L’exposition commence sur les premières œuvres de l’artiste, une surprise. Cette rétrospective fait la part belle à ce corpus antérieur à la frénésie verrière qui prendra Jean-Michel Othoniel par la suite. En les découvrant on comprend qu’elles sont essentielles ; les questions autobiographiques qu’elles soulèvent donnent un fil conducteur à l’exposition.

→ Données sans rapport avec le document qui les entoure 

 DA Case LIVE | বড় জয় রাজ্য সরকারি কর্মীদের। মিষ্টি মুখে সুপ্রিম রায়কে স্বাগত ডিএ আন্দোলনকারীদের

C’est un travail très empreint du souci du corps et de sa représentation mystique.  L’artiste s’intéresse à la dimension tactile et vaporeuse. Il n’y a donc pas de visage dans Héliographie bleue, pas plus que dans L’autoportrait en robe de prêtre. De même, ces œuvres sont souvent touchées par la corrosion, Les insuccès photographiques et L’évidence même supportent les traces de cette dégradation chimique. Pour cela Othoniel utilise le souffre, ce matériau dangereux donne aux œuvres un contact acide et une texture sèche. Sans prendre de gants, le corps dont parle Othoniel est intouchable.

Les figures féminines ont une importance de premier plan. Il en donne une vision caustique dans Femme intestin, où il souligne les formes littéralement viscérales des corps féminins dans la peinture occidentale. Ce faisant, il lance aussi un appel à la douceur charnelle, que ce soit au travers des Tits painting, ou quand il fouille le ventre de L’hermaphrodite. Orifices et veloutés sont omniprésents dans cette première partie de son travail. Mais ce n’est jamais ni tout rouge ni tout rose.

Au terme du premier tiers de l’exposition l’intérêt de l’artiste bascule pour une autre substance, le verre. Cette matière molle, pâteuse, brûlante et incandescente quand on la travaille, devient dure, brillante et rassurante au terme de sa transformation. De là vont naître des milliers de perles, formant autant de Harnais, de Larmes et autres Amants suspendus. Il est toujours question de corps, mais ils sont ici pétrifiés. Le bateau de larmes associe le verre au bois usé d’une barque sans âge. Cette œuvre charnière dans l’exposition indique un changement dans la production de l’artiste, l’intimité se fait plus douce, la douleur est moins à vif. De jolies Bannières colorées viennent former un espace protégé autour de Mon lit. Ainsi, sans savoir pourquoi, l’histoire vire au conte de fées.

La dernière salle est le cabinet savant d’Othoniel. Les perles y forment des nœuds, des rivières et des colliers, auxquels on prête tous les pouvoirs magiques. Diary of happiness est un immense boulier faisant un bilan un peu mièvre du travail de l’artiste. Une sorte de joli « happy end » que la scénographie redresse tout de même en forçant les visiteurs à repasser par les deux premières salles et leurs ambiguïtés.

Cette exposition remet bien le travail de l’artiste en perspective. On comprend mieux le contexte autobiographique de ce travail, et la lente dérive qui l’a mené à pondre ces chapelets de perles. Elle donne l’occasion de dissocier l’artiste et la bimbeloterie, d’en recomposer un portrait plus complexe.